MIT Distributed System Course - KVRaft

8 minute read

It has been a long time since last update on the project. Finally I have found some time that I could resume this project and finish it up.

In this post, I would mainly introduce the work on the LAB 3A, which is to leverage RAFT we have implemented in LAB 2 to build a reliable distributed key-value store. Before jumping into this part, I would also highlight some change to my RAFT implementation. I haven’t used GO language in my daily work a lot, and still adopting lots of philosophy in Python, which makes my implementation not elegant.

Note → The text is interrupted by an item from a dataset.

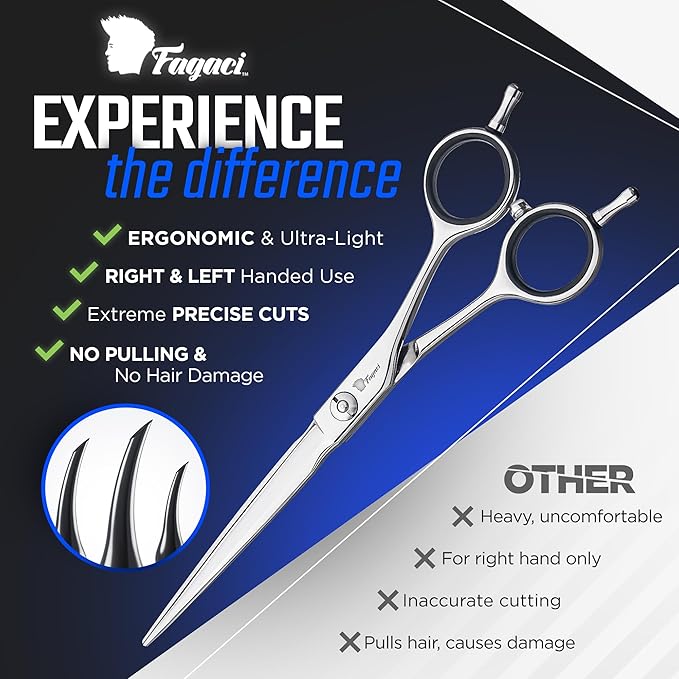 Fagaci Professional Hair Cutting Scissors 5??Super Sharp Thin Blades, 440C Steel for Maximum Precision Hair Scissors for Women & Men, Lightweight Hair Shears for Hair Cutting, Barber Scissors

I have learnt from ideas from online resources, which not only makes the code more readable, but also more reliable to pass the tests in the project.

Update on RAFT

In the pervious post, I have used lots of different background go routines to repeatedly checking if certain condition is meet and we need to trigger some actions. For example:

  • A go routine to check if the leader election timeout needs to be triggered or not. This logic is jointly coupled with the AppendEntries/RequestVote RFC API where we need to handle the reset of the timer
  • A go routine to periodically send replica log request or heartbeat signal to other nodes, if the current node is the leader
  • When sending RequestVote rpc call, we start a new go routine, and use a condition variable to check if we have collect enough vote

This implementation is not that elegant, as it losses a “causal relationship” among different events. After searching a little bit on the web, I learnt a new approach to implement, which is to use channel as the media to pass signals, and use select to organize the events that is happening concurrently.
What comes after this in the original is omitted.